American executive belittled the first wave of Japanese cars to arrive Stateside as insignificant toys. They weren’t classed as ‘proper’ cars. By the 1990s, Japanese brands had full-sized bakkies and sportscars expertly tailored to what American consumers desired and arguably superior to what GM, Chrysler or Ford could offer its domestic market. 

The South African experience with Korean cars, were much the same. Indifferent at first, in the 1990s, but by 2017, they’ve become respected brands. China certainly won’t be the Asian auto outlier. The trend of Asian automotive ascendancy appears destiny for Chinese brands. 
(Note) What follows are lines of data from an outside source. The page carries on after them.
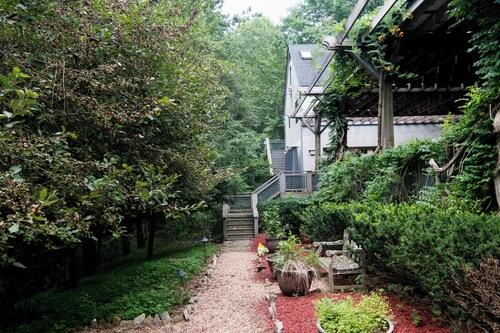 Sleeps 4 w/screen porch and private Hot Tub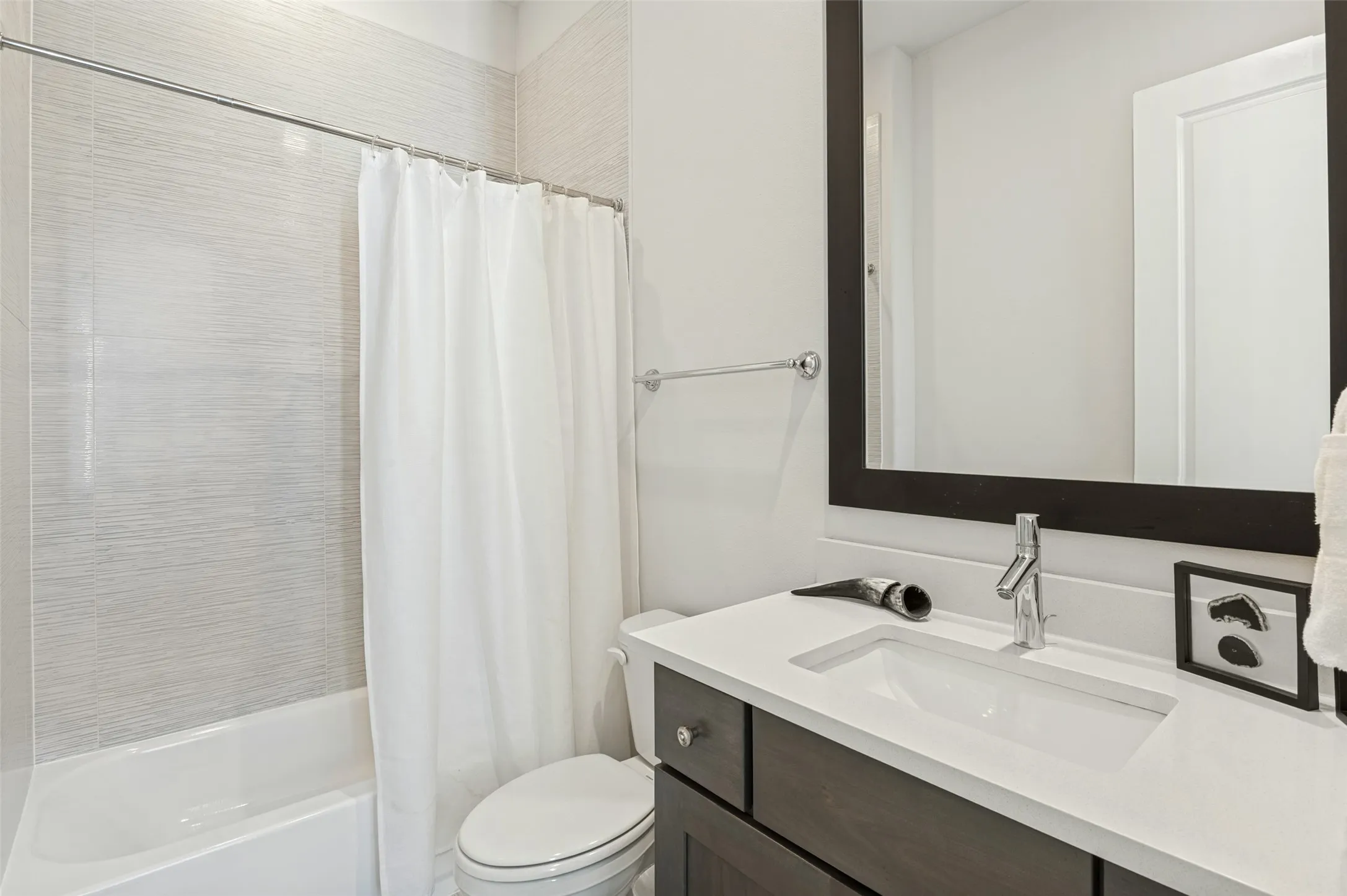 Townhouse For Sale in Dallas County , 617 Dalton Lane, Irving, Texas 75039, 3 Bedroom, 4 Bathroom, 2 Garage spaces, 1,986 Sqft, built in 2020, mls#21414486, Real Estate Agent in Irving, Homes For Sale in Dallas county, Homes For Sale in Irving, Realtor in Irving Texas, Real Estate Brokerage Independent Realty Texas, Luminita Cordes Realtor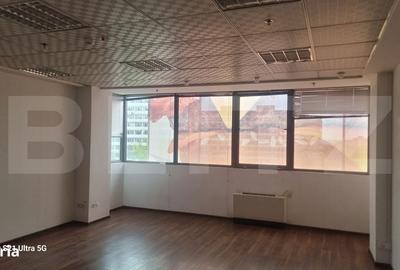 Spațiu comercial, de 1,600 mp, în Central - 2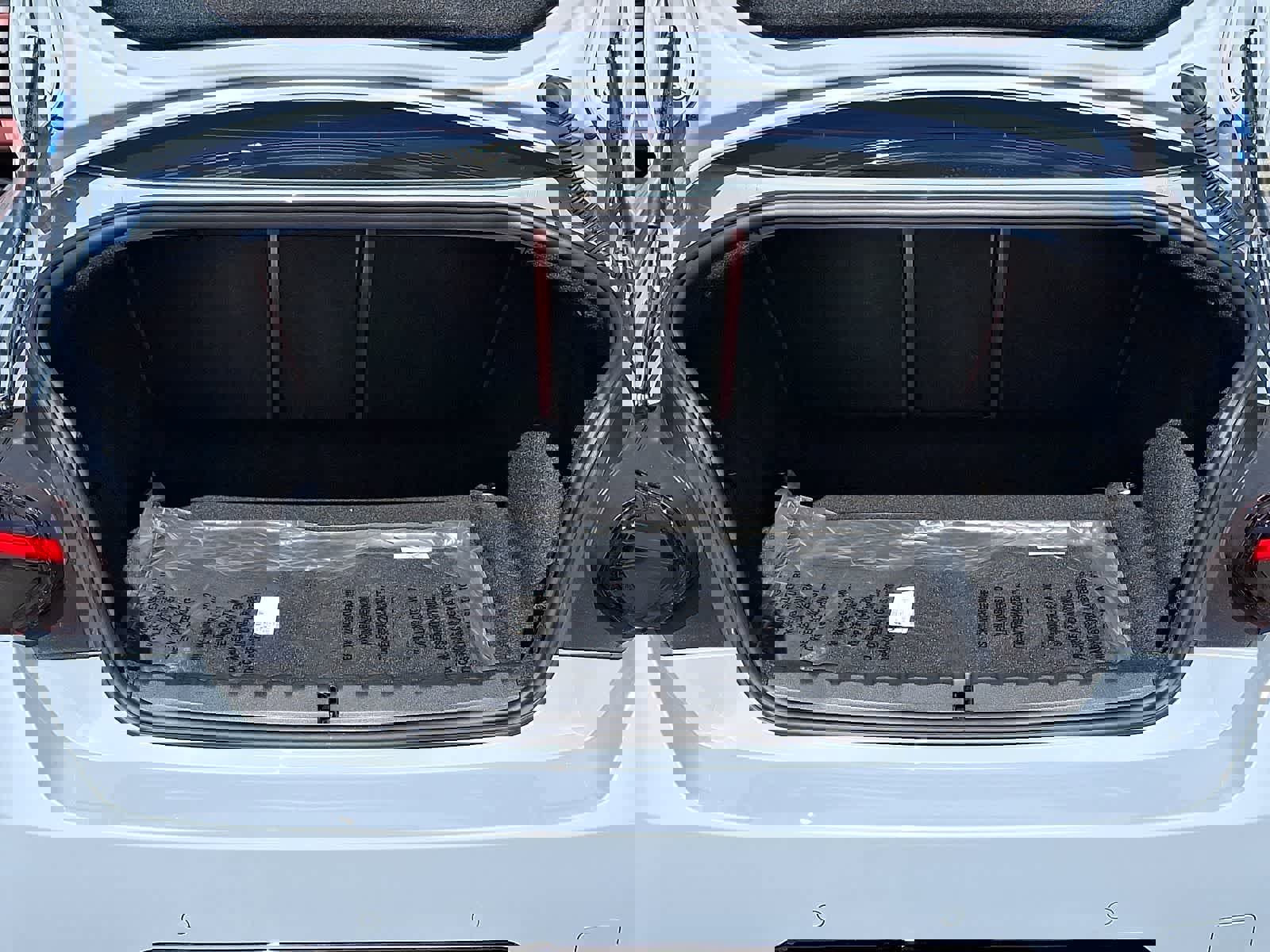 Used 2025 BMW M240i xDrive Coupe w/ Premium Package image 31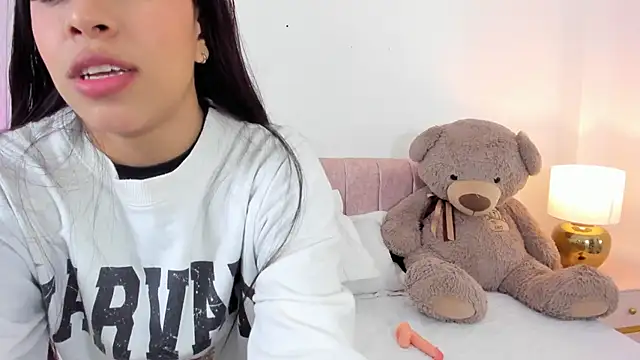  Caamilaa  online show from 01-15-26, 07:06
Korean car companies conquered global markets – and South Africa - because they had a lot of cash to burn and reinvested it in research and development. German engineers were lured to Korea and the results have been obvious. Chinese companies have even more cash to fund research and development initiatives, money they’re not shy at spending – especially if it means contracting skills beyond the Chinese mainland. 

Image: Lance Branquinho

Preceding Haval’s arrival in South Africa there was a startling bit of news from Germany, in May, to prove this point. An electric Chinese hypercar – the NIO EP9 – had set a new Nurburgring lap record, for its part, the most revered record of all for any road car wishing to illustrate superiority of performance.

Debates about the EP9’s status as a ‘production car’ aside, it’s the collaborative nature of NIO’s global design bureaus, linking project teams from Munich, London and San Jose to those in Shanghai, which reveal the transforming way Chinese car companies are starting to function.

With demand for SUVs and crossovers showing no sign of waning, Haval’s poised to profit from that trend and leverage the evolving ability of Chinese engineering and manufacturing to transcend the traditional stereotype of Dragon auto brands.

Six of the world’s top ten Smartphone companies are Chinese. None of the world’s top ten car companies are. But it will change. Soon.